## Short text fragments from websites
Start of Block
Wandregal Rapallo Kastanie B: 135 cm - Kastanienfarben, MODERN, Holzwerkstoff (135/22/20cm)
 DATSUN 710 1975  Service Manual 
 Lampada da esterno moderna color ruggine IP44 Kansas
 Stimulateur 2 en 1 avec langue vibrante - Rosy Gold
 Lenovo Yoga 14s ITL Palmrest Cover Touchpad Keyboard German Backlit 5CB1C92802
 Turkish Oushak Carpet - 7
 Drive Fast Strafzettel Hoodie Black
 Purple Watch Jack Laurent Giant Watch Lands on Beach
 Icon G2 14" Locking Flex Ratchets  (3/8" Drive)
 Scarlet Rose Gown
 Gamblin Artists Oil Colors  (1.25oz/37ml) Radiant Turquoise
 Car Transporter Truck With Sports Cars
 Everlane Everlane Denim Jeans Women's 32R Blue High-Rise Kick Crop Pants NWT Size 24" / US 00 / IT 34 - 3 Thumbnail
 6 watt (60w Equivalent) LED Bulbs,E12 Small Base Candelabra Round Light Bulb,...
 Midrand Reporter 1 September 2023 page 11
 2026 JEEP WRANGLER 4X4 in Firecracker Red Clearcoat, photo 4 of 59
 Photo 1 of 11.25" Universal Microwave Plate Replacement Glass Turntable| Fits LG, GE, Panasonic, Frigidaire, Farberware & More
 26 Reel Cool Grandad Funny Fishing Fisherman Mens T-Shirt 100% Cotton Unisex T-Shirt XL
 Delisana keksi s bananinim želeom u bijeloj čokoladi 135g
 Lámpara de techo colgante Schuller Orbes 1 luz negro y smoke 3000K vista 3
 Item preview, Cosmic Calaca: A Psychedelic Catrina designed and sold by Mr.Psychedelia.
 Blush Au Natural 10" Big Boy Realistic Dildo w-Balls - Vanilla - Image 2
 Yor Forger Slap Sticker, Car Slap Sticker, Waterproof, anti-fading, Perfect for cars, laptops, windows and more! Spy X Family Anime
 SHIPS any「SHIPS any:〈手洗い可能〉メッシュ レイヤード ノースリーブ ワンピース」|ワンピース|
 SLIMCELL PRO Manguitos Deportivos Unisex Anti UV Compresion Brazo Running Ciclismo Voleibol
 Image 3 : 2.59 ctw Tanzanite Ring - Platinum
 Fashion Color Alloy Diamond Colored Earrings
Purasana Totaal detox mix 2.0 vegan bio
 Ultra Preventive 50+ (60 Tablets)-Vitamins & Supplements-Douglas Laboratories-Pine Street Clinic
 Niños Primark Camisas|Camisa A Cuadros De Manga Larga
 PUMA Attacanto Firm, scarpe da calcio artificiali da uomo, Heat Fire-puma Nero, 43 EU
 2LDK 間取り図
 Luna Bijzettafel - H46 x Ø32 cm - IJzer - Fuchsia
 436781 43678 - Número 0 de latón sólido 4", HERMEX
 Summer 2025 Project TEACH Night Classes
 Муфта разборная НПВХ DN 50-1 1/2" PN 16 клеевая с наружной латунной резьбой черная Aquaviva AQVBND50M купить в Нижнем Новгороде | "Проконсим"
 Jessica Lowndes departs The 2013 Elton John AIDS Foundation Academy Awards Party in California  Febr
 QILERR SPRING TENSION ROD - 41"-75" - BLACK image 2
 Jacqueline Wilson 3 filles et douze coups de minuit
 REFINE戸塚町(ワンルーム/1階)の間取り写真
End of Block
## Task objective
Reproduce, character for character, only the lines of the preceding data that start at the line with "Turkish Oushak Carpet - 7" and end at the line with "Gamblin Artists Oil", both included.

## Response for this exercise
 Turkish Oushak Carpet - 7
 Drive Fast Strafzettel Hoodie Black
 Purple Watch Jack Laurent Giant Watch Lands on Beach
 Icon G2 14" Locking Flex Ratchets  (3/8" Drive)
 Scarlet Rose Gown
 Gamblin Artists Oil Colors  (1.25oz/37ml) Radiant Turquoise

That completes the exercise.